A ESTRANHEZA DAS IMAGENS DE LYNCH

 WANDERSON LIMA

  

A filmografia de David Lynch utiliza dispositivos que nos imergem em uma experiência de perda do senso de realidade. Somos conduzidos a um estado de desconforto que, por alguns instantes, desnaturaliza nossos hábitos e práticas cotidianas. Esse breve hiato, dependendo do espectador, pode culminar em um frenesi inconsequente ou servir como ponto de partida para uma reflexão mais profunda. De qualquer forma, é nesse processo que reside a singularidade e a força do cinema de Lynch: mais do que narrar histórias de maneira convencional, ele se dedica a criar atmosferas[1]; mais do que ensinar lições ou defender ideologias, ele busca convocar sensações.

Se quisermos precisar melhor quais dispositivos, diremos que Lynch oscila entre a noção clássica de grotesco estabelecida por Wolfgang Kayser – a desfiguração do familiar, que conduz a uma sensação de inquietação e deslocamento e que combina o cômico e o aterrorizante, criando um efeito de ambiguidade e tensão – e o estranho (Unheimlich) estudado por Sigmund Freud, isto é, a ideia de algo que deveria ser reconfortante, mas que é transfigurado em algo desconcertante ou ameaçador.  Em sua forma mais intensa, o Unheimlich pode ser um retorno do inconsciente, uma manifestação de medos e desejos reprimidos, que rompe com a segurança do conhecido. Seja como for, por meio do grotesco ou do estranho[2], quando assistimos Lynch nos falta o chão: o familiar se transmuta em infamiliar, o cotidiano se torna insólito. Essa mescla de distorção e retorno do reprimido é central nas obras de Lynch, onde o cotidiano e o aparentemente comum se tornam cenários de estranhamento e incerteza.

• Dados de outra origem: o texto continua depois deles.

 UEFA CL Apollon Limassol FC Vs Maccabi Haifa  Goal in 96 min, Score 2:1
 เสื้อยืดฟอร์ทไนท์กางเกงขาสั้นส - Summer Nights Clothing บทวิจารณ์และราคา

Se observamos bem, essa sensação de desconforto e de perda do real, em si, não é revolucionária ou transformadora. Em boa parte de suas manifestações, em comunidades abrigadas nas redes sociais e em subgêneros da cultura gótica e heavy metal, o grotesco e o estranho tornam-se mecanismos escapistas, fuga do mundo adulto racionalizado, ou meras manifestações de irreverência. Mas, em Lynch, torna-se uma estratégia para construir um mundo muito próprio e lançar questionamentos que, em última estância, nos convidam a pensar a complexidade do real para além dos parâmetros realistas e pragmáticos da representação clássica hollywoodiana[3]. Como instava Luis Buñuel[4], o que certamente converge com a prática de David Lynch, o cinema não deve se limitar a reproduzir a realidade objetiva, mas sim transformá-la e transcendê-la por meio de uma abordagem poética.

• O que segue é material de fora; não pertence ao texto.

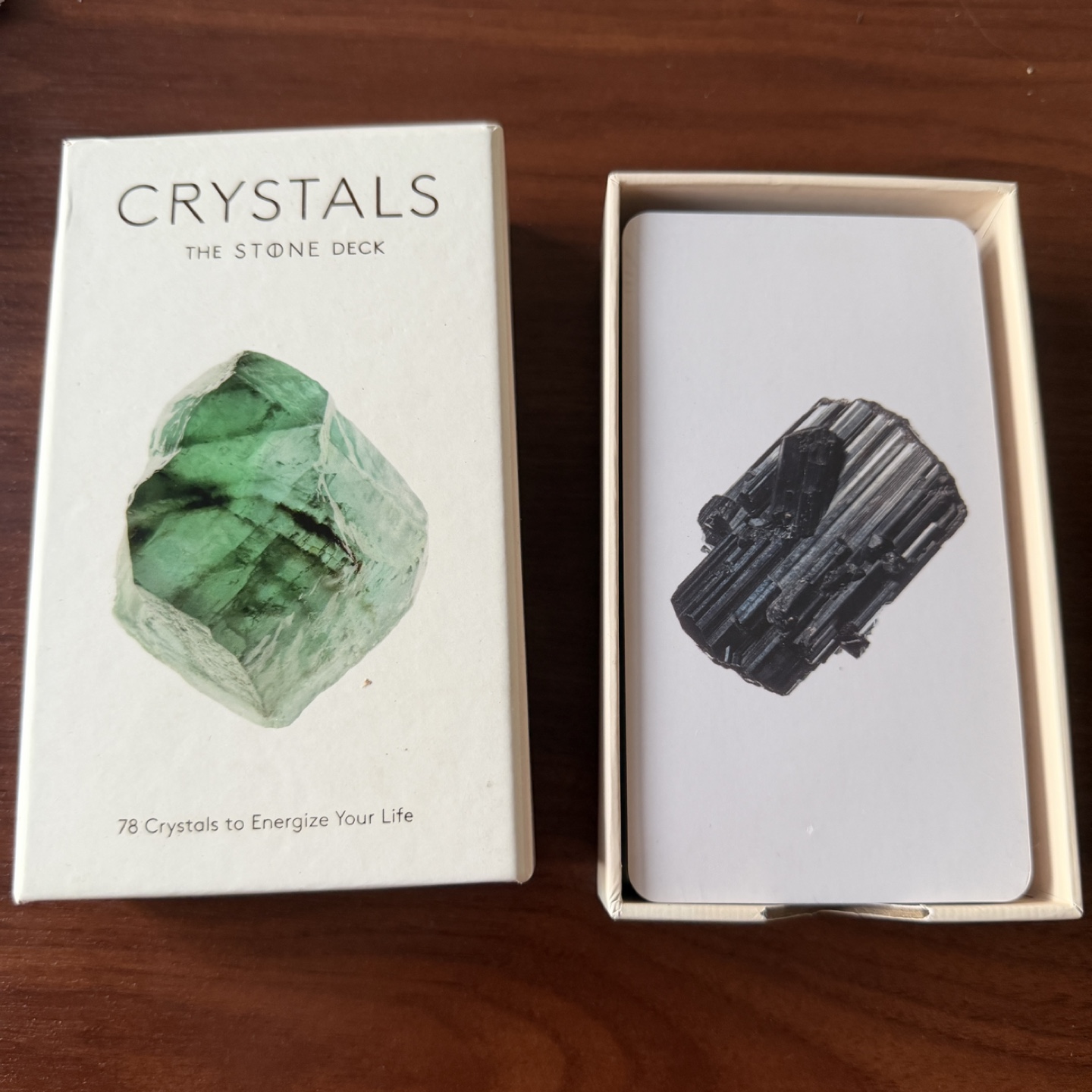 Crystals: The Stone Deck 78 Crystal Cards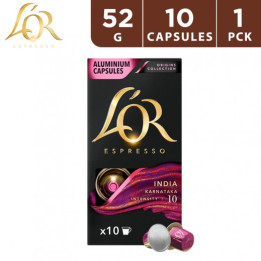L'Or India Karnataka Coffee Capsules, 52 g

Buñuel e Lynch transformam o banal em algo extraordinário e perturbador, mostrando que o cinema pode ser muito mais do que uma simples ferramenta narrativa. Para ambos, o cinema é uma arte capaz de acessar o que está além da palavra, penetrando nos mistérios da mente humana e no imaginário coletivo. No entanto, enquanto Buñuel, mais crítico e iconoclasta, recorre à poesia das imagens para desmontar as convenções sociais e religiosas e desvelar as contradições do mundo burguês, usando sonhos e imagens irracionais para explorar desejos, medos e tabus ocultos, Lynch — embora também expresse as contradições entre moralidade pública e desejos sombrios — busca uma poesia cinematográfica mais na atmosfera e no poder sensorial das imagens e sons do que na subversão ou exposição direta das contradições sociais.

Podemos afirmar que, em David Lynch, o desconforto gerado pela ausência de solidez no mundo e pelo bizarro que corrói a norma constitui a etapa destrutiva de seu trabalho. É possível que nos estacionemos nesse ponto, encerrando nossa experiência estética em uma visita — fascinante para uns, angustiante para outros — a um mundo grotesco. No entanto, podemos dar um salto além se compreendermos que, em Lynch, ao movimento de contração segue-se um movimento de expansão: primeiro, perdemos o mundo; depois, descobrimos que ele é muito mais amplo do que imaginávamos.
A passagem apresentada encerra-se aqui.